Cazorla, o homem amado em Oviedo, que completa 41 anos em dezembro, já renovou para jogar pelos asturianos em La Liga, o que não acontece desde 99/00, um desígnio mágico para quem perpetua um poder supremo nos relvados. Desafiado por O JOGO, desfiou as emoções que o preenchem. Abundantes ondas de satisfação envolvem as suas palavras. “Desde que parti com 18 anos, tive sempre em mente voltar e defender a camisola do meu clube profissionalmente. Acabo por ser um sortudo de voltar e, ao fim do segundo ano, chegar com a equipa à primeira divisão, após mais de duas décadas de espera”, relata, percorrendo as imagens de uma festa imensa, arrepiante e regada de toda a loucura. “A cidade e os nossos adeptos levavam anos a sonhar com isto, o regresso à La Liga. Houve muito sofrimento. Depois do último jogo, que nos deu a consagração, vi amigos a chorarem de alegria. Para eles, e para mim, foi um sonho concretizado”, releva Cazorla, orgulhoso do seu contributo. “Senti-me bem toda a época, mas consciente que não estou já ao mesmo nível físico dos companheiros. Tento marcar o campo com experiência nos momentos-chave. Por isso estava tranquilo na hora dessa cobrança de penálti tão importante”, assinala.
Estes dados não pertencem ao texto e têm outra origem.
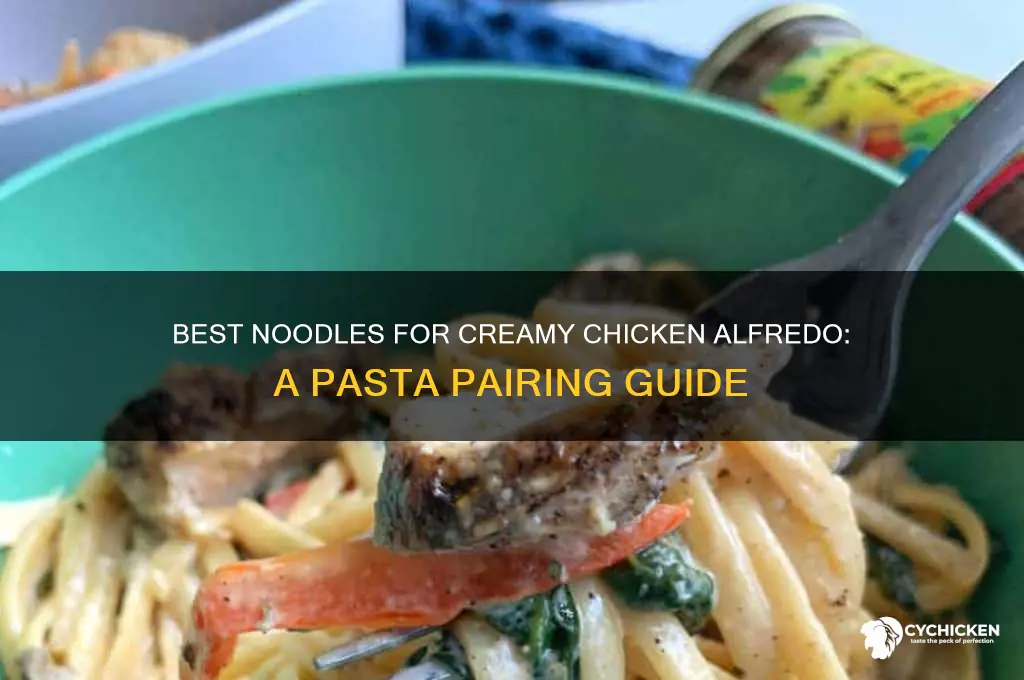 what kind of noodles for chicken alfredo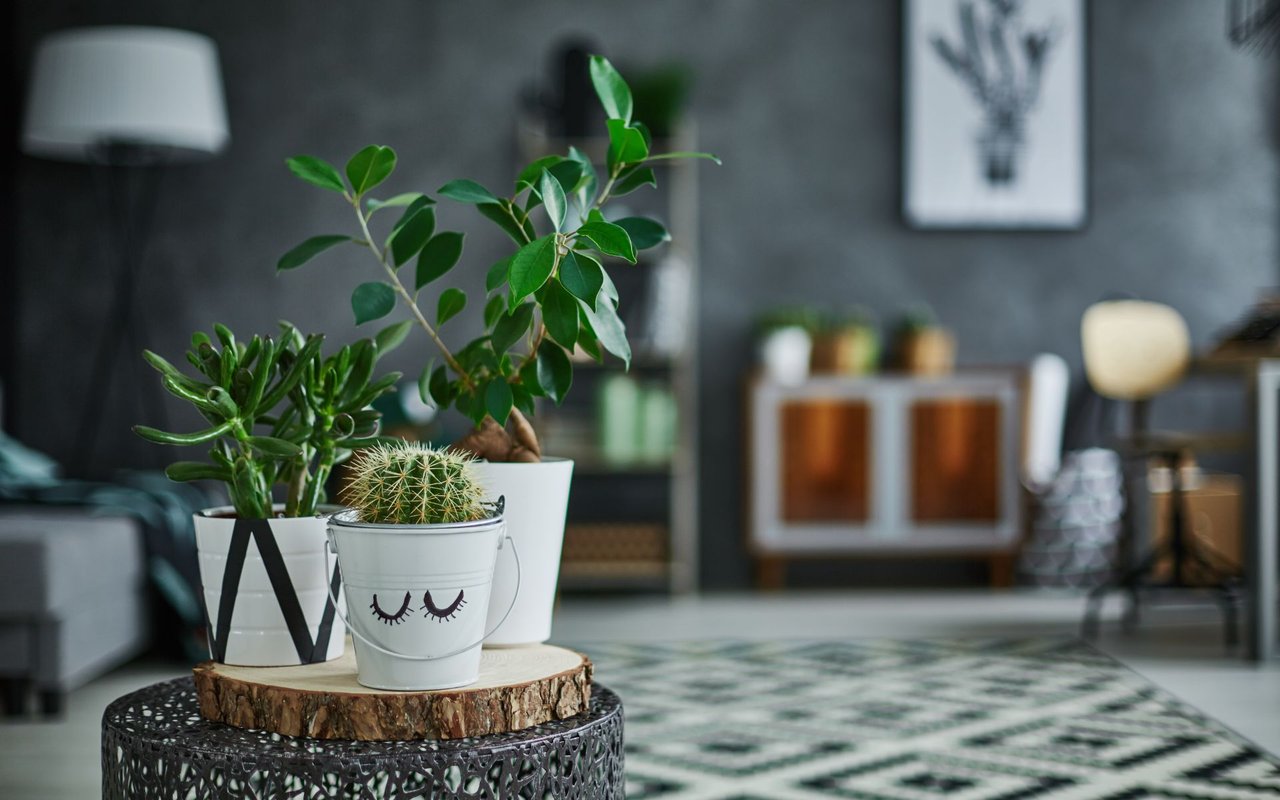 10 Easy Tips to Go Green in the Home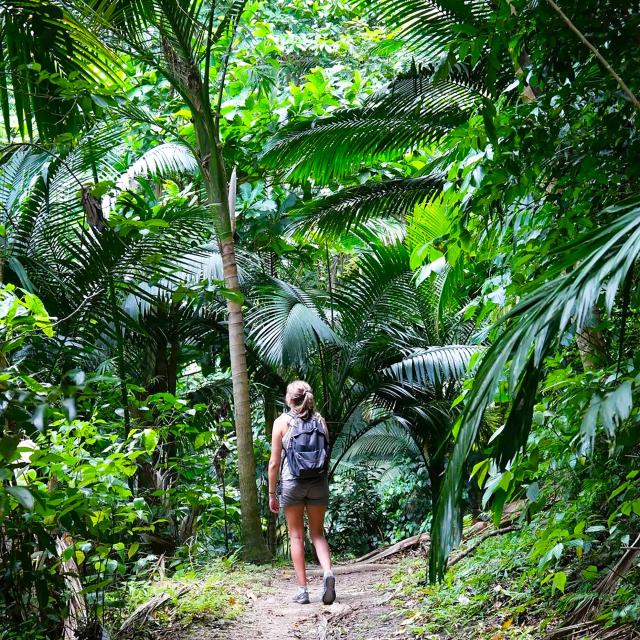 Randonnée Grand'rivière Martinique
O internacional espanhol não tem dúvidas em classificar a sua façanha, mesmo com as proezas no Arsenal ou enormes conquistas com a Roja. É o aroma do primeiro amor, a paixão de criança e a nostalgia dos primeiros toques. “Subir com a equipa da minha infância, da minha cidade, está ao mesmo nível de todos os troféus que já levantei. Há um sentimento inexplicável pelo clube”, ilustra, analisando duas épocas e um total de 61 jogos pelos oviedistas. “Sonhava voltar com este desfecho, mas sabia que era difícil chegar à elite. Era um objetivo, sim, um sonho também. Felizmente pude cumpri-lo e agora espero que a equipa consiga manter-se na categoria”, vinca, adivinhando transformações no meio dos tubarões. “Temos um bom plantel para ser competitivo, mas é certo que o clube tem de contratar jogadores que nos ofereçam um salto de qualidade. A chave será sermos muito fortes no Carlos Tartiere, com a nossa gente”, destaca Cazorla, visualizando alguns craques que lhe marcaram a infância, um deles português. “São várias recordações do Oviedo na primeira divisão, de jogadores como Carlos Muñoz, Dubovski, Paulo Bento ou Dely Valdés. Faziam-se sonhar ser profissional”.